## SOURCE RECORDS
════

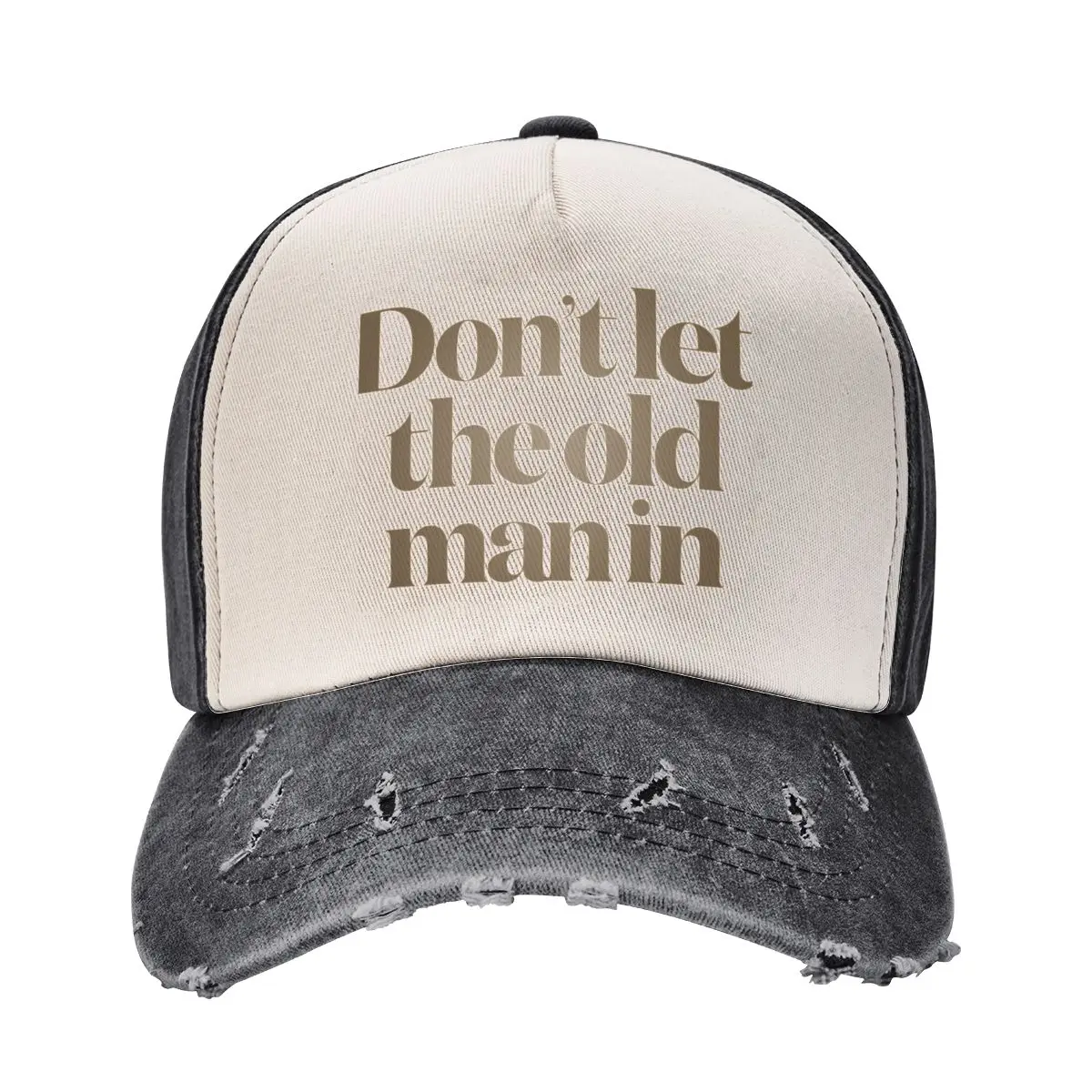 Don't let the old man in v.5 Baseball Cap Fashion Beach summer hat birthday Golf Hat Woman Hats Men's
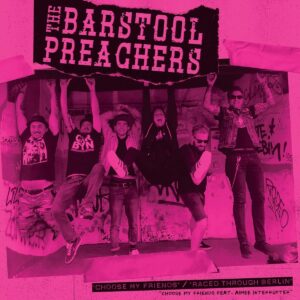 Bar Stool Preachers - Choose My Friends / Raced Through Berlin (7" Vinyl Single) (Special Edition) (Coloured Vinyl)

════

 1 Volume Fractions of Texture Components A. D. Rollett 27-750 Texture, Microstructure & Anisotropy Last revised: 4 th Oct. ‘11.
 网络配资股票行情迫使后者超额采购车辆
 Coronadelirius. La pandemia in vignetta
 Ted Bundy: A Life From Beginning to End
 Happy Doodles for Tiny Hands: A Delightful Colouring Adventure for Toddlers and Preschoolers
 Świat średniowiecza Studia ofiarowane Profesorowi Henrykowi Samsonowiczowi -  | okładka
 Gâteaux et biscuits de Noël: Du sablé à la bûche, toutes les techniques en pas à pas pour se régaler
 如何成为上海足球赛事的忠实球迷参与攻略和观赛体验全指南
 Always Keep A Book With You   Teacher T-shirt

════

## WHAT YOU WILL DO
Extract from the records above the lines from the one containing "Happy Doodles for" to the one containing "Always Keep A", both lines included, exactly as they appear and with nothing else.

## PROBLEM SOLUTION
 Happy Doodles for Tiny Hands: A Delightful Colouring Adventure for Toddlers and Preschoolers
 Świat średniowiecza Studia ofiarowane Profesorowi Henrykowi Samsonowiczowi -  | okładka
 Gâteaux et biscuits de Noël: Du sablé à la bûche, toutes les techniques en pas à pas pour se régaler
 如何成为上海足球赛事的忠实球迷参与攻略和观赛体验全指南
 Always Keep A Book With You   Teacher T-shirt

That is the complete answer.